Restaurant floor drains are specialized drainage systems designed to handle the unique needs and challenges of commercial kitchens and food service establishments. That you need these specialized devices if you're opening a new restaurant may come as a surprise. 

However, these drains are crucial for maintaining a clean and safe environment by efficiently collecting and disposing of liquids, such as water, grease, and food particles. Check out these differences:

  • Size and Capacity: Restaurant floor drains are typically larger and have higher flow rates compared to drains used in residential or general commercial applications. They are designed to handle the higher volume of liquids and debris typically encountered in food service establishments.
  •  Grease Traps: Due to the presence of greasy substances in restaurant kitchens, many restaurant floor drains are equipped with built-in or external grease traps. These traps capture and separate grease from the wastewater, preventing it from clogging the drain system.
  •  Solid Interceptors: In addition to grease traps, some restaurant floor drains may also incorporate solid interceptors. These devices capture solid debris, such as food particles and sediment, preventing them from entering the drain and causing blockages.
  • Cleaning and Maintenance: Given the demanding nature of commercial kitchens, restaurant floor drains are designed to be easily accessible and cleaned. They often have removable grates and trap assemblies for periodic maintenance and cleaning to prevent the buildup of debris and odors.

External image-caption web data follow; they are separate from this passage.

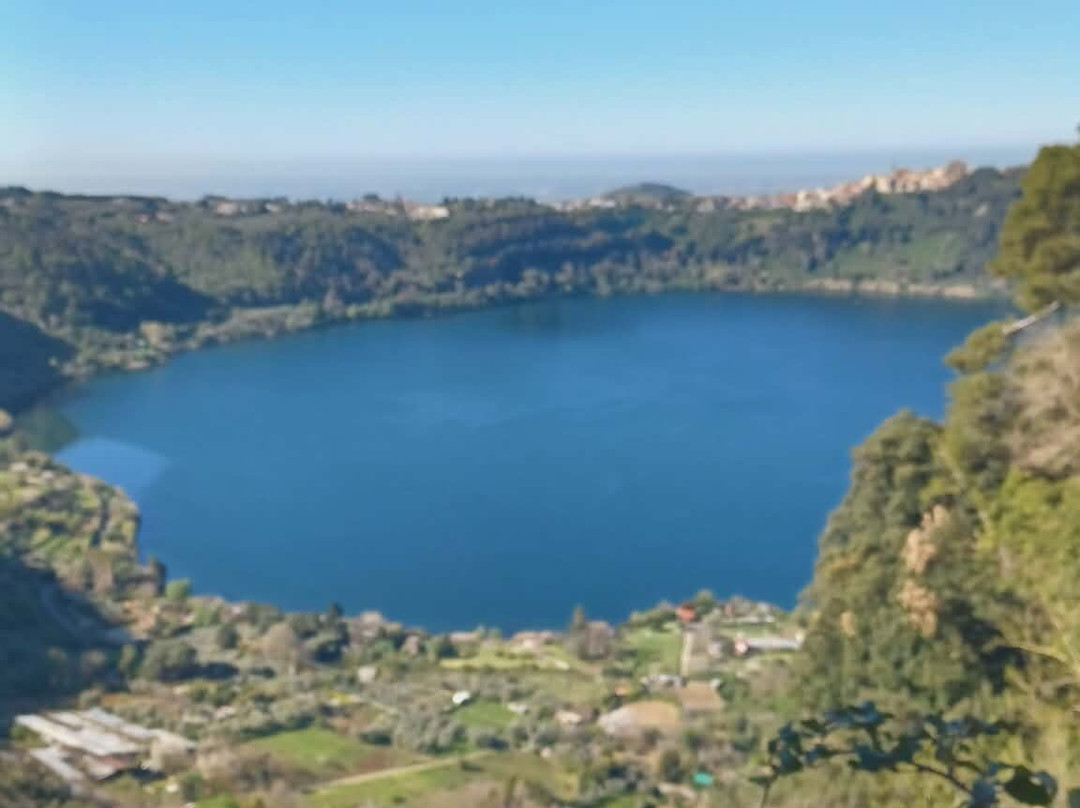 Lago di Nemi-Nemi必去景点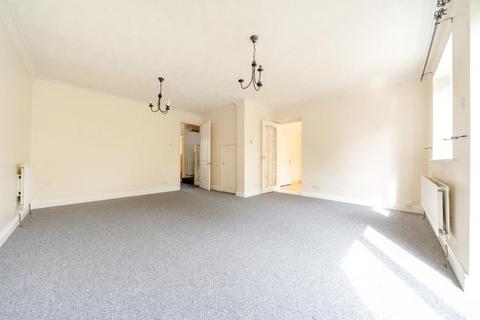 4 bedroom semi-detached house for sale, Newbury,  Berkshire,  RG14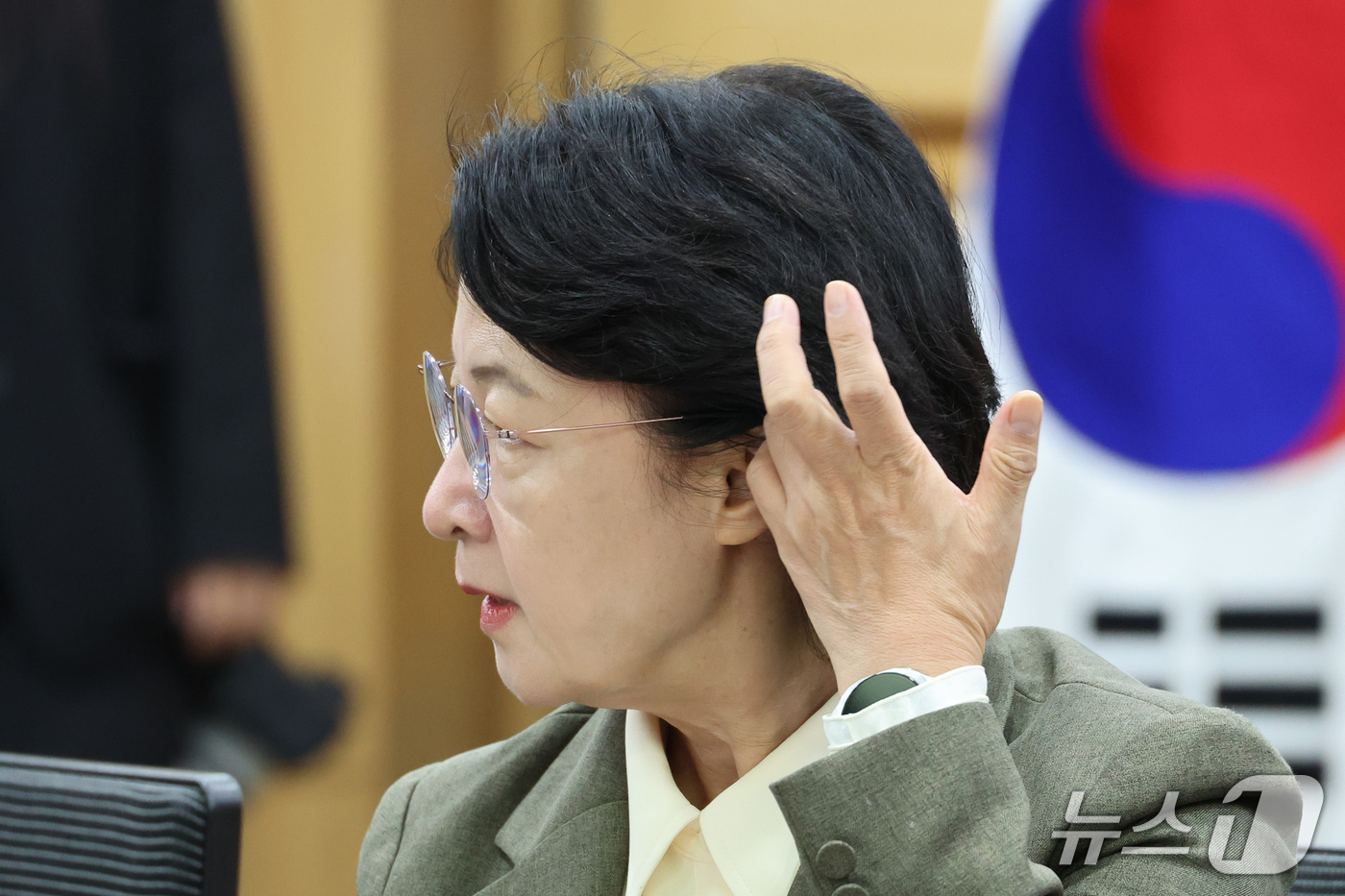 (서울=뉴스1) 신웅수 기자 = 추미애 경기도지사가 30일 서울 여의도 국회 의원회관에서 열린 지방재정 확충을 위한 지방세제 개편 정책토론회에서 생각에 잠겨 있다. 2026.10. …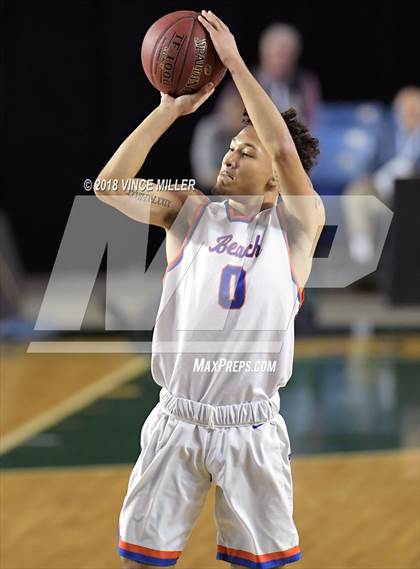 Thumbnail 2 in Wilson vs. Rainier Beach (WIAA 3A Quarterfinal)  photogallery.
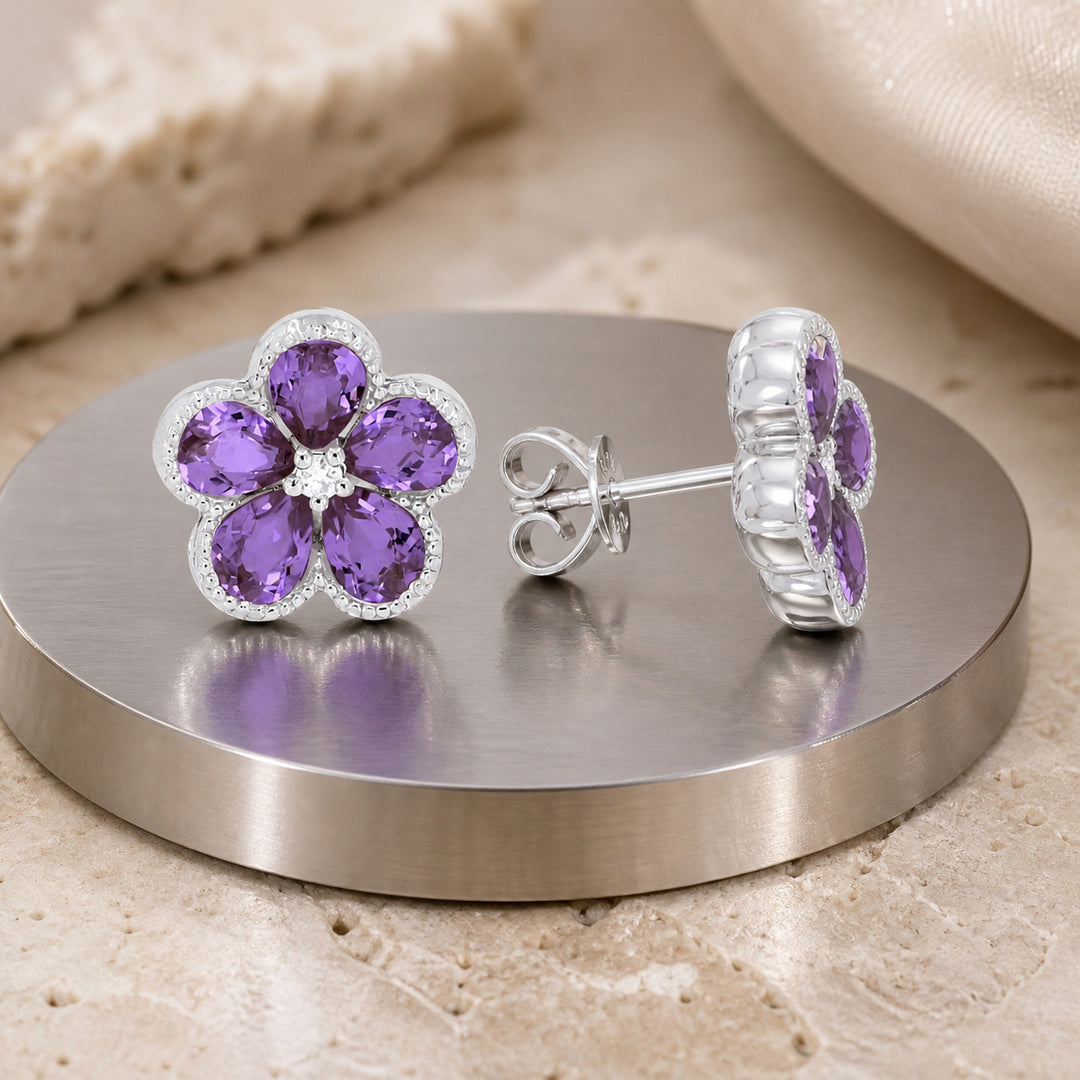 E1518 - 14K Gold Flower Stud Earrings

They are designed to handle high-volume liquids, separate grease and solids, and maintain a hygienic environment.

How It Works

Since restaurant floor drains are typically larger and more robust compared to standard floor drains, they are strategically placed in areas where water or other liquids are likely to accumulate, such as near sinks, dishwashing stations, food preparation areas, and cooking equipment.

The drain itself consists of a grate or cover that sits flush with the floor surface, allowing water and debris to enter while preventing larger objects from going down the drain. Beneath the grate, there is a trap—a curved section of pipe that holds a small amount of water. The trap helps to create a barrier that prevents foul odors and gases from entering the establishment.

The drain connects to a piping system that carries the collected liquid away from the building. The pipes are usually made of durable materials, such as PVC (polyvinyl chloride) or stainless steel, to withstand the corrosive nature of certain substances found in commercial kitchens.

Lastly, to prevent the backflow of sewage or contaminants into the establishment, restaurant floor drains often incorporate backflow prevention devices. These devices include check valves or air gaps, which allow the flow of liquid in one direction but prevent it from flowing back into the drain.